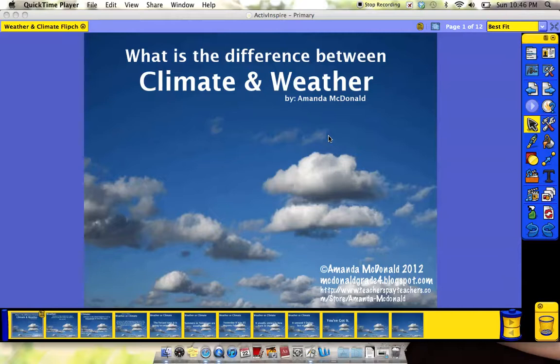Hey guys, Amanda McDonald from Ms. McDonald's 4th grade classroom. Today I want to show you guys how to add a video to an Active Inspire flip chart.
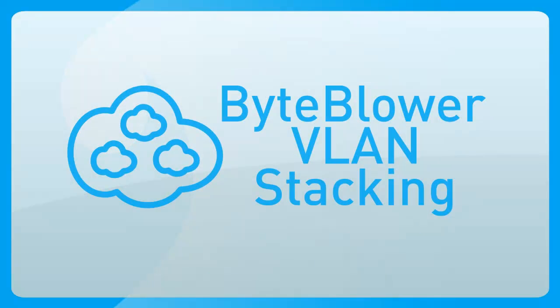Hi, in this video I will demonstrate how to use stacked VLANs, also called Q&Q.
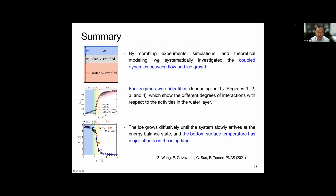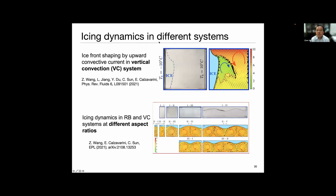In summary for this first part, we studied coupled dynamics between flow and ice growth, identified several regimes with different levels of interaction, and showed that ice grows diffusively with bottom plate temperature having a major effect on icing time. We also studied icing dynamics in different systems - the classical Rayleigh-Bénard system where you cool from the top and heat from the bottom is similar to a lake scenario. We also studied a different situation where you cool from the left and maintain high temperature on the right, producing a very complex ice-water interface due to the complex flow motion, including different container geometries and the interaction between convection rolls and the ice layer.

[How to complete this task]
Repeat the listing exactly, pictures excluded.

[Result of the exercise]
Hey guys, Amanda McDonald from Ms. McDonald's 4th grade classroom. Today I want to show you guys how to add a video to an Active Inspire flip chart.
Hi, in this video I will demonstrate how to use stacked VLANs, also called Q&Q.
In summary for this first part, we studied coupled dynamics between flow and ice growth, identified several regimes with different levels of interaction, and showed that ice grows diffusively with bottom plate temperature having a major effect on icing time. We also studied icing dynamics in different systems - the classical Rayleigh-Bénard system where you cool from the top and heat from the bottom is similar to a lake scenario. We also studied a different situation where you cool from the left and maintain high temperature on the right, producing a very complex ice-water interface due to the complex flow motion, including different container geometries and the interaction between convection rolls and the ice layer.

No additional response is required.